Майкл Свонтон, профессор Эксетерского университета (Великобритания), описывает «гобелен из Байо, сказание не в стихах, но в вышивке». Этот уникальный гобелен, датируемый XI веком, представляет собой прямоугольный фриз длиной более 200 футов и высотой около 12 дюймов, на нем вышито «600 или 700 человеческих фигур, 200 лошадей, огромное количество других животных, 37 кораблей, 33 здания, 37 отдельных или собранных в группы деревьев». В сущности, это летопись, хроника в виде «живых картин», и повествует она о событиях британской истории 1064–1066 годов, то есть о норманнском завоевании, битве при Гастингсе и основании Эдуардом Исповедником Вестминстерского аббатства. Вопрос, интересующий автора: как гобелен читался современниками? Ответ, предлагаемый в качестве гипотезы: двигаясь вдоль изображения, они воспринимали его как остановленные сцены некой драмы. Рассматривая гобелен, они проигрывали сюжет в своем воображении. Возможно даже, предполагает автор, что умелые вышивальщики 1066 года признавали существование игры, принимали в ней участие и наслаждались ею.

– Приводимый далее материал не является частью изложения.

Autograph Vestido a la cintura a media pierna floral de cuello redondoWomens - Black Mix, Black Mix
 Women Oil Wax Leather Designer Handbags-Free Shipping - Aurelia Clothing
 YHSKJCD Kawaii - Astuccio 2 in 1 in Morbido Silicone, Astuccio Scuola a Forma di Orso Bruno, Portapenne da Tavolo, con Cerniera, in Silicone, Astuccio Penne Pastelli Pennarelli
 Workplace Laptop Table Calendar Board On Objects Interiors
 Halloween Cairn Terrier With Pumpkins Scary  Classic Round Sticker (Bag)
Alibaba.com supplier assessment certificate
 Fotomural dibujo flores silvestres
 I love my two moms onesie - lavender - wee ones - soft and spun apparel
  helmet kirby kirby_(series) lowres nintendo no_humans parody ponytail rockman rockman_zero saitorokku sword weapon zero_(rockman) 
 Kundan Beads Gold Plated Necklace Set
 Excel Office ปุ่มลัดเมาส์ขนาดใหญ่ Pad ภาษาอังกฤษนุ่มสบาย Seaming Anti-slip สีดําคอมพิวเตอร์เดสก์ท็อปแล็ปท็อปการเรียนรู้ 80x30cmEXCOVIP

Известный медиевист И. Е. Данилова пишет о теме лестницы в итальянском искусстве кватроченто, и ее искусствоведческая статья читается как увлекательная повесть или поэма: «Вертикальная иерархия средневековой картины мира: по ступеням, снизу — вверх, от земли — к небу, от мрака — к свету, от греха — к святости получила воплощение в ярусном построении средневековой живописи». Анализируя изображения лестниц на полотнах Донателло, Боттичелли, Липпи, Гирландайо, вдумываясь в текст трактата Альберти, исследователь обнаруживает изменение той роли, которую играла лестница в сознании итальянских архитекторов и художников (и их заказчиков): «Лестницы постепенно утрачивают чисто конструктивное значение и становятся способом облагораживания жилища… Открытые в центральное пространство, эти лестницы встречают вошедшего и ведут его вперед…» На живописных полотнах появляются одноэтажные просторные виллы, изображения лестниц отодвигаются в кулисы сцены или исчезают вообще. Но истекает эпоха гуманизма, близится контрреформация, заявляет о себе барокко с его пышностью мирских ритуалов. «Лестницы Высокого Возрождения, — заключает свою статью И. Е. Данилова, — выполняют, в сущности, функцию, торжественного пьедестала, это один из способов монументализации персонажей, как в живописи, так и в архитектуре. Отказ от лестниц у Альберти и Пикколомини должен был воплощать гуманистическую идею равенства посвященных. Возвращение к лестницам в XVI столетии связано с представлением о превосходстве избранных». Вообще, журнал импонирует спокойным тоном и серьезностью аргументации, четкой артикуляцией сказанного, воспринимается как свободное пространство глубокого интеллектуального общения «в духе и красоте».